# Vector Databases

In the previous section of this workshop, we discussed the importance of embedding a language's semantics in vectors (typically with hundreds of dimensions). Modern AI applications such as RAG systems or search engines need to access vast amounts of vectors quickly.

In this part, we will delve into vector databases, a technology that permits indexing, storing, and accessing millions of vectors. 

## We need some dependencies

In [None]:
import numpy as np
from scipy.spatial.distance import cityblock, euclidean, cosine
from qdrant_client import models, QdrantClient

import time

from movie_buddy.preprocessing.movies_dataset import get_movies_dataset
from sentence_transformers import SentenceTransformer

## What Does It Mean That Vectors Are Similar?

One of the main advantages of having text represented as a vector is that we can do some mathematics on it!

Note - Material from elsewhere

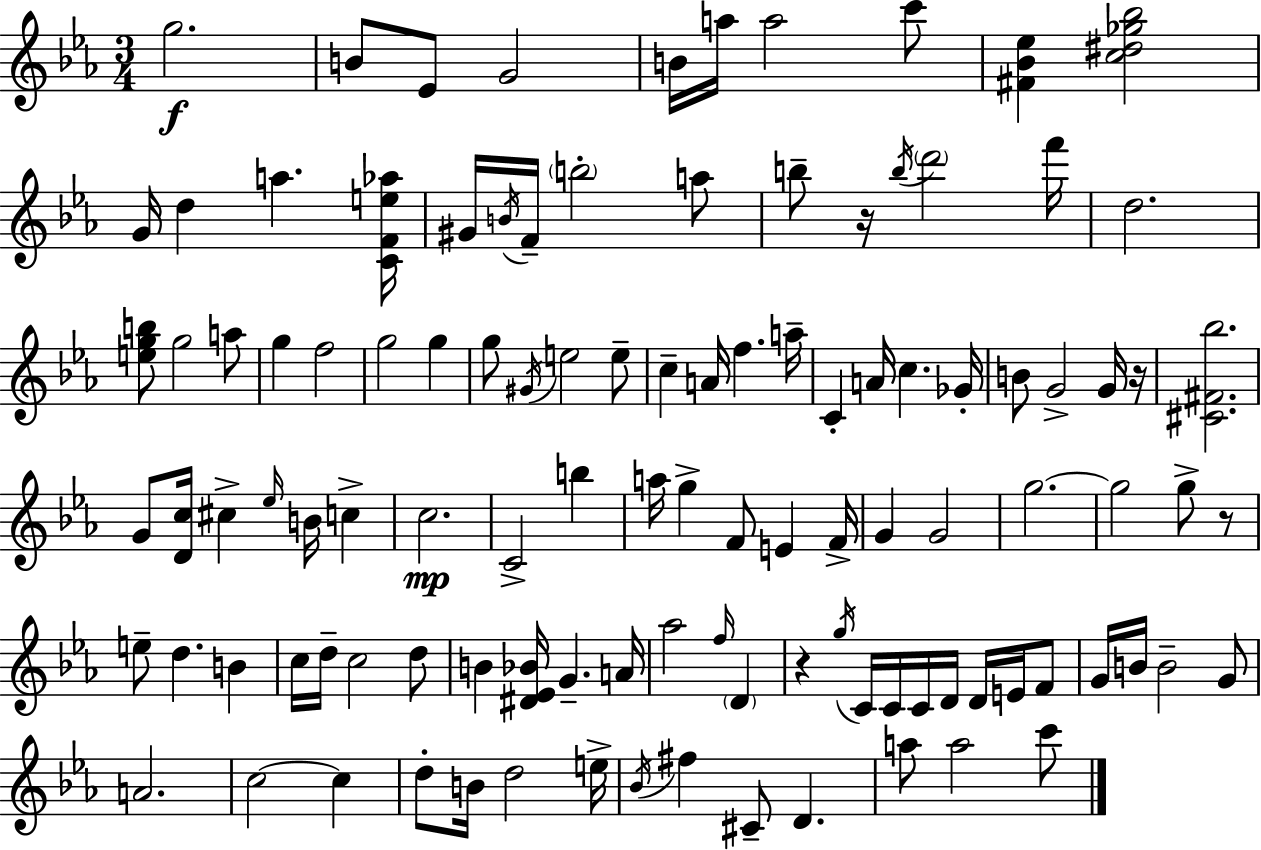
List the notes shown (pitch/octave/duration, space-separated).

Using different distance metrics, we can calculate how much two points in a multidimensional space are close to each other. The most commonly used in the context of NLP are: 

- Cosine Similarity
- Dot Product
- Euclidean Distance
- Manhattan Distance

## Are You a Math Geek? Let's see some formulas

If you are more interested in distance metrics mathematics, this paragraph is made for you. Otherwise, it is not necessary to understand the rest of the workshop; skip it!

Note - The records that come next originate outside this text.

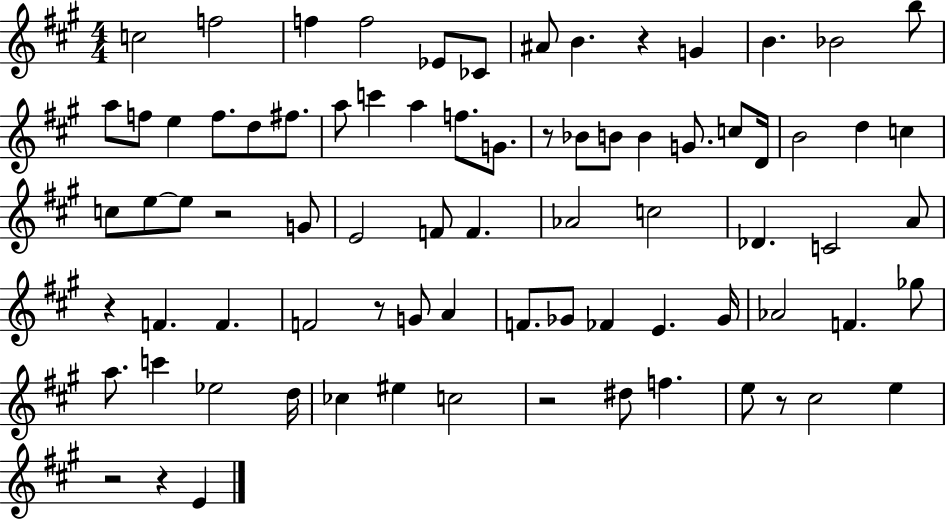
{
  \clef treble
  \numericTimeSignature
  \time 4/4
  \key a \major
  c''2 f''2 | f''4 f''2 ees'8 ces'8 | ais'8 b'4. r4 g'4 | b'4. bes'2 b''8 | \break a''8 f''8 e''4 f''8. d''8 fis''8. | a''8 c'''4 a''4 f''8. g'8. | r8 bes'8 b'8 b'4 g'8. c''8 d'16 | b'2 d''4 c''4 | \break c''8 e''8~~ e''8 r2 g'8 | e'2 f'8 f'4. | aes'2 c''2 | des'4. c'2 a'8 | \break r4 f'4. f'4. | f'2 r8 g'8 a'4 | f'8. ges'8 fes'4 e'4. ges'16 | aes'2 f'4. ges''8 | \break a''8. c'''4 ees''2 d''16 | ces''4 eis''4 c''2 | r2 dis''8 f''4. | e''8 r8 cis''2 e''4 | \break r2 r4 e'4 | \bar "|."
}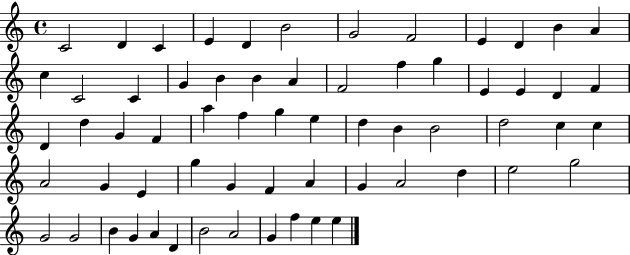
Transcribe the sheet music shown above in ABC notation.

X:1
T:Untitled
M:4/4
L:1/4
K:C
C2 D C E D B2 G2 F2 E D B A c C2 C G B B A F2 f g E E D F D d G F a f g e d B B2 d2 c c A2 G E g G F A G A2 d e2 g2 G2 G2 B G A D B2 A2 G f e e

### Distance Metrics Property
Do you want to invent new distance metrics? You can, but you must have some mathematical properties. So, given two vectors $a$ and $b$, a distance metric $d$ must be: 
1. **Non-negative**: $d(a, b) >= 0$;

2. **Symmetric**: $d(a, b) = d(a, b)$;

3. **Respect triangle inequality**: $d(a, b) <= d(a, r) + d(r, b)$ for all vectors $a$, $b$, $r$;

4. $d(p, q)=0$ only if $p=q$.

Okay, now let's see some distance formulas,: 


### Cosine Similarity
$$
d(a, b) = \cos(\theta) = \frac{\sum_{i=1}^{n} a_i b_i}{\sqrt{\sum_{i=1}^{n} a_i^2} \cdot \sqrt{\sum_{i=1}^{n} b_i^2}}
$$
### Dot Product
$$
d(a, b) = a \cdot b = \sum_{i=1}^{n} a_i b_i
$$

### Euclidean Distance
$$
d\left( a,b\right)   = \sqrt {\sum _{i=1}^{n}  \left( a_{i}-b_{i}\right)^2 } 
$$
### Manhattan Distance
$$
d(a, b) = \sum_{i=1}^{n} |a_i - b_i|
$$

**It is your turn!** In the following cell, try changing vector_a and vector_b to see how the different distances differ between the same vector!

In [None]:
vector_a = np.array([0.9, 0.1, 0.23, 0.15])
vector_b = np.array([0.9, 0.30, 0.23, 0.25])

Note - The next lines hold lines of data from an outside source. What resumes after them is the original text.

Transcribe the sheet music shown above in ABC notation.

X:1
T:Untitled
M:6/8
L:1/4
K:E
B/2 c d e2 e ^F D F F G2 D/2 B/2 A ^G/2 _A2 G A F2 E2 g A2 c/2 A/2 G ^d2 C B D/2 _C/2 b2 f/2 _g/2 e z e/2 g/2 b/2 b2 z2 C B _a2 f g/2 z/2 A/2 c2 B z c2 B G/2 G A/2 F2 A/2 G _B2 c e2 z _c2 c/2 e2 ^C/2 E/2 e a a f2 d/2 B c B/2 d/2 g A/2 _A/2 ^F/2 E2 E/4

cosine_distance = cosine(vector_a, vector_b)
dot_distance = np.dot(vector_a, vector_b)
euclidean_dist = euclidean(vector_a, vector_b)
manhattan_dist = cityblock(vector_a, vector_b)

print(
    f"Cosine: {cosine_distance}\nDot: {dot_distance}\nEuclidean: {euclidean_dist}\nManhattan: {manhattan_dist}\n"
)

Try to guess in which case one metric is better than another. Which metric I would choose for which type of problem? 

## Why We Need Vector Databases? 

Can't we just choose a distance and get the k-closest vectors with a classical **K-Nearest-Neighbour** algorithm? 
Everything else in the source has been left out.